The benchmark December contract settled down 2 percent at 73.33 cents per lb, breaking out of a recent narrow trading range and sinking through its 50-day moving average.
Prices had been as low as 72.75 cents, its weakest since Aug. 17. Trading was busy with over 29,000 lots changing hands, almost 40 percent higher than the 250-day average.
In its monthly crop report on Wednesday, the Agriculture Department (USDA) increased its estimate for the global cotton surplus to a record of 76.5 million 480-pound bales due in part to a drop in consumption and imports by China.
The new forecast represents a nearly two-million bale increase from last month’s estimate, which was already at an all-time high since USDA records began in 1960.
A large carryover from last season was also a factor.
Traders have worried about the size of the excess material washing around the market for some time. A sluggish global economy and drop in use by some mills who prefer to use lower-priced and less volatile synthetic materials have hurt demand.
But the second rise in a row alarmed many who expected the government to hold pat.
“It was a shock. Nobody anticipated the world carryover would be increased to 76.5 million bales. That speaks volumes in itself and it’s extremely bearish in the front month,” said Lou Barbera, cotton analyst at ICAP Cotton in New York.
A cut to U.S. output due to poor weather in Texas and Mississippi could not offset the bearish tone that pervaded the market.

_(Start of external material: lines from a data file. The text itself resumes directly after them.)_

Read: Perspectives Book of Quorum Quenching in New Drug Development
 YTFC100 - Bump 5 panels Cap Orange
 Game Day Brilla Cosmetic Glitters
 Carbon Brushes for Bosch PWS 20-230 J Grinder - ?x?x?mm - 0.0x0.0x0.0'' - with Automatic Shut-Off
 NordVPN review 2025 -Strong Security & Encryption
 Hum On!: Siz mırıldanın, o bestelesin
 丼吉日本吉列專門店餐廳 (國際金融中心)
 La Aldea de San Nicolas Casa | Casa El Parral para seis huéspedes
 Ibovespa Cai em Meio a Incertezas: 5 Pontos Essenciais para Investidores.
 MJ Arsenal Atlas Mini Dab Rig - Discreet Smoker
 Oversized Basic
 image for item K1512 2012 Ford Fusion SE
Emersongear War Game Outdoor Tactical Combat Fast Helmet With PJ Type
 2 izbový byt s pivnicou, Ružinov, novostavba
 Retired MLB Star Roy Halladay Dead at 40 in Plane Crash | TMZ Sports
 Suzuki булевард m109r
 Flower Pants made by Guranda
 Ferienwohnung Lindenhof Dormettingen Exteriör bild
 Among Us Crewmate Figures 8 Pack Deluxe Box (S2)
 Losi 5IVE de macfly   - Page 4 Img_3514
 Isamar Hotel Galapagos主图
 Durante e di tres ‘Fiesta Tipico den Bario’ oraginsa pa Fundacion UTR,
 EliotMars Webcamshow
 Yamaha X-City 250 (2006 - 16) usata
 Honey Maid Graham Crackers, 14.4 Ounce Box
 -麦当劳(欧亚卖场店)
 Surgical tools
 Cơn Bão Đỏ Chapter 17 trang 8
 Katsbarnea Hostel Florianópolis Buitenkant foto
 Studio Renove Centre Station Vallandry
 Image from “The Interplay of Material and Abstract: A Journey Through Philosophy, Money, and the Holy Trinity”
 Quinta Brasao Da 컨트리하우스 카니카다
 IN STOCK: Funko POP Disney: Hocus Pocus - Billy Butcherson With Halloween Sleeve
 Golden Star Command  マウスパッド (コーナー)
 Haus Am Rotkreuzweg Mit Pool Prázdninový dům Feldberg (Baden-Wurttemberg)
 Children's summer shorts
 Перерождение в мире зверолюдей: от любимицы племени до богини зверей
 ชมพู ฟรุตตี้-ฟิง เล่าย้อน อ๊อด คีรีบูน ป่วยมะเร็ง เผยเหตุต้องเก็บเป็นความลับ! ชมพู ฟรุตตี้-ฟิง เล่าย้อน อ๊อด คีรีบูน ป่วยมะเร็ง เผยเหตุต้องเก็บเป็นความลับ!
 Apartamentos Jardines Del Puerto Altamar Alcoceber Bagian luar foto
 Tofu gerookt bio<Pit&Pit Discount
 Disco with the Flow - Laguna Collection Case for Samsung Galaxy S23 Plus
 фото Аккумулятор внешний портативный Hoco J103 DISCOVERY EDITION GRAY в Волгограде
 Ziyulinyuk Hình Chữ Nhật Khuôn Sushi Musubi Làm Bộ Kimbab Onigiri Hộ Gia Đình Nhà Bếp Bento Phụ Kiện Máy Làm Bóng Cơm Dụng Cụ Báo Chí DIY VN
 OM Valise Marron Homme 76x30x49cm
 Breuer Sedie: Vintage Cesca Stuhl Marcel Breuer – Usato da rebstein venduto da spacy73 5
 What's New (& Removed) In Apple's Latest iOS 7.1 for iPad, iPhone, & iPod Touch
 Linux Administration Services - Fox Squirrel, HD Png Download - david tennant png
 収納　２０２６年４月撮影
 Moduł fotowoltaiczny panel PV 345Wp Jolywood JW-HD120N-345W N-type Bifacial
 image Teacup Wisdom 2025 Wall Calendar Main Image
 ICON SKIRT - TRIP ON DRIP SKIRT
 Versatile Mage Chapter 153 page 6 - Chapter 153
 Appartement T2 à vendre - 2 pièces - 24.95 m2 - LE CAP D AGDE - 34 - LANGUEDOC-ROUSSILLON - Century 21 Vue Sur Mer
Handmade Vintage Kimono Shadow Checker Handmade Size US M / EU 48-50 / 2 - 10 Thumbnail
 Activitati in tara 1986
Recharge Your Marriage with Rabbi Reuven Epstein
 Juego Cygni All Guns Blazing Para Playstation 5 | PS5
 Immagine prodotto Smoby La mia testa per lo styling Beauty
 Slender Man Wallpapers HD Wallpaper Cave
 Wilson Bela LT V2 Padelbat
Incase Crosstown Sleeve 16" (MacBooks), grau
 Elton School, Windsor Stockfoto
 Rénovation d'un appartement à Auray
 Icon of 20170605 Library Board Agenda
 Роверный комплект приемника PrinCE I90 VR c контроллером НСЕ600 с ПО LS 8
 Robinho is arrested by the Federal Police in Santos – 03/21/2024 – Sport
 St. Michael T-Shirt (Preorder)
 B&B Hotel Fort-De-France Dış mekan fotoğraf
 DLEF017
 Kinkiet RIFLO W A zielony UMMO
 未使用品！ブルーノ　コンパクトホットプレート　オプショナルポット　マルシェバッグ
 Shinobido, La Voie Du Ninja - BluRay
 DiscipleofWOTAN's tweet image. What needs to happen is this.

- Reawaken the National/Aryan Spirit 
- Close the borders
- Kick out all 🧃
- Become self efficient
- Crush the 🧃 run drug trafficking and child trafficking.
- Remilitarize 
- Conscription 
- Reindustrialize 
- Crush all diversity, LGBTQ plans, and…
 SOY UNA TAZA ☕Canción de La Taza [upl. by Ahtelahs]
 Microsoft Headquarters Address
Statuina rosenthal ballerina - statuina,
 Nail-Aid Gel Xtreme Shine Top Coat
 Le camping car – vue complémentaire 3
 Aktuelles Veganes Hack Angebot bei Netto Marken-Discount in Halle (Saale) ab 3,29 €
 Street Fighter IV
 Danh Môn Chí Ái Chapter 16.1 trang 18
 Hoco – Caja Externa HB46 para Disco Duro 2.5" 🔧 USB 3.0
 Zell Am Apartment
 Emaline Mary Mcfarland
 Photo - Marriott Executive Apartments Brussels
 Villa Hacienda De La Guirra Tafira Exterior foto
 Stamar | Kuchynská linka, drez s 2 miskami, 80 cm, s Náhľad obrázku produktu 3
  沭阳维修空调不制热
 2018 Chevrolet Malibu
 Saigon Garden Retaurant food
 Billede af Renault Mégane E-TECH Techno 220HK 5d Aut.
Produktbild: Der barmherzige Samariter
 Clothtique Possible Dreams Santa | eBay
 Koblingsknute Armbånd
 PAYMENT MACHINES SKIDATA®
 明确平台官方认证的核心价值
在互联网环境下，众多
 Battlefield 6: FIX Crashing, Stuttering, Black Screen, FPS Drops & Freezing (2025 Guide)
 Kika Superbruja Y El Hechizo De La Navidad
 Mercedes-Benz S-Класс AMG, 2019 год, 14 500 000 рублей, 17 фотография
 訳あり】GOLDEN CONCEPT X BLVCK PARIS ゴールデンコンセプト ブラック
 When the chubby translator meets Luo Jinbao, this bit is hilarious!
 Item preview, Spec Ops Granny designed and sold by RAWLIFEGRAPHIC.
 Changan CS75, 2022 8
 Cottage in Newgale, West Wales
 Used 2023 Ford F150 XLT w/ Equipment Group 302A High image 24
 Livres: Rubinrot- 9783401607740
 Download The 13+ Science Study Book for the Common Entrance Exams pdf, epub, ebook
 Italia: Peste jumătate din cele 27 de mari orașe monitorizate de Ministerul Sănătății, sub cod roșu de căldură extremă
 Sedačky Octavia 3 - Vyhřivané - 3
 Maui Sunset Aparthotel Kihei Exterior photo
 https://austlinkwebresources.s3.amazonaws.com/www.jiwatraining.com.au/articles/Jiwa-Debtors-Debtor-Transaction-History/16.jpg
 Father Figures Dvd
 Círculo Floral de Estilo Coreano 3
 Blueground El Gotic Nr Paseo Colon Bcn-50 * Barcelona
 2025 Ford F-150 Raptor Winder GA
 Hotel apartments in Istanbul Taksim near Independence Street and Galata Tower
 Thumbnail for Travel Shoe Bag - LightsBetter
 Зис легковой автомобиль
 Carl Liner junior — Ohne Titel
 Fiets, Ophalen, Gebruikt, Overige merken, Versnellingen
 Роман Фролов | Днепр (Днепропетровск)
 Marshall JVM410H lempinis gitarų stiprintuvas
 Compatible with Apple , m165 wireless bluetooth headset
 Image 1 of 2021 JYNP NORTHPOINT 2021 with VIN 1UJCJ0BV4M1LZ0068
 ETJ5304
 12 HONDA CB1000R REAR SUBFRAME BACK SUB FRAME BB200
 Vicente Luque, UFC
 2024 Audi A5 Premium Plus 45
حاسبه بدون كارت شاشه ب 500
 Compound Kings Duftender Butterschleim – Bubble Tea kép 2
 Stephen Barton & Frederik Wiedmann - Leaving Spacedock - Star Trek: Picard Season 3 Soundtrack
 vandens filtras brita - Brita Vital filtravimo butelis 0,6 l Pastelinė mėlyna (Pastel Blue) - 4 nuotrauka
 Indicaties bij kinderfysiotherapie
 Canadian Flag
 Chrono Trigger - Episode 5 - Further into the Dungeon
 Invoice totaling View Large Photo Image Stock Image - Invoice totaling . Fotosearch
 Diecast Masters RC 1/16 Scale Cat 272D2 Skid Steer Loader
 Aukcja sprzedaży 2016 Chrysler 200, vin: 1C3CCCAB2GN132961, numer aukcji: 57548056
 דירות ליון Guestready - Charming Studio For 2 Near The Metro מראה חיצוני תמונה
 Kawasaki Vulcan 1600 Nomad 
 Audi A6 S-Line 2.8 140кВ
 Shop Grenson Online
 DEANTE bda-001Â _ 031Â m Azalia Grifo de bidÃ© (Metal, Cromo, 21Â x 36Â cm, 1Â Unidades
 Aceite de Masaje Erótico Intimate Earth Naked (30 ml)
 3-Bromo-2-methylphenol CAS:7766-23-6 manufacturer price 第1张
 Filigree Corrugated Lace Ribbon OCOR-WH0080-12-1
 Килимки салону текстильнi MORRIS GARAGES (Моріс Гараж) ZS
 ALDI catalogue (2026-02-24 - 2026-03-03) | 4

Adding further pressure, some dealers scaled back bullish bets ahead of the U.S. Federal Reserve policy decision due on Thursday. Most anticipate chairman Ben Bernanke will announce a third round of quantitative easing in a bid to boost the world’s largest economy.
The fiber contract underperformed a broadly positive commodity market and an equity market that was held in check ahead of the Fed meeting.